Laurie, along with Ian Schubert, both from the rural New South Wales (NSW) township of Wauchope, came to the Roosters in NSWRFL season 1975, although Laurie did not make his first grade debut till the following season. During the 1976 NSWRFL season, he played in the forwards, helping Eastern Suburbs to victory in their unofficial 1976 World Club Challenge match against British champions St. Helens in Sydney. However, his move to the South Sydney Rabbitohs proved a master stroke, with Laurie making the five-eighth position his own in the red and green. Laurie played his best football at Souths, carving up the opposition and setting up spectacular tries for players such as dynamic winger Terry Fahey. Laurie was awarded the 1980 Dally M Medal, the only South Sydney player to date to win the coveted award. Laurie played for Easts in their win at the final of the 1981 Craven Mild Cup.

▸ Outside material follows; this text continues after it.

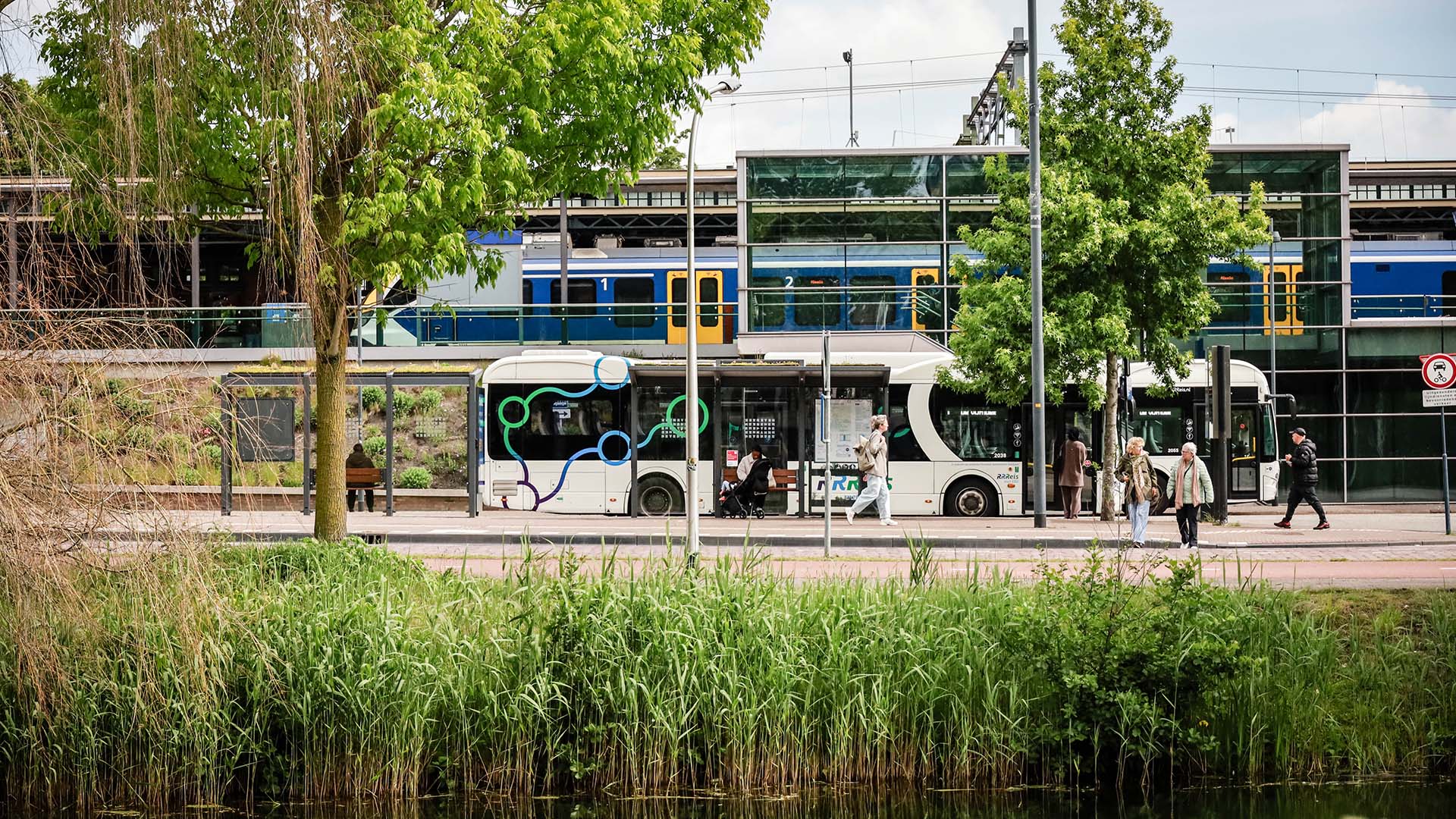 Groene bomen en riet op voorgrond, bus en trein met passagiers op station op achtergrond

In 1983, Laurie returned to Wauchope and captained a NSW Country representative side in a match against New Zealand's South Island. Laurie starred in the match, scoring 3 tries.

During the 1988 Great Britain Lions tour, Laurie captained a Northern Division side to victory over the visitors.

Rocky's younger brother, Mark Laurie, was a three-time premiership winner with the Parramatta club.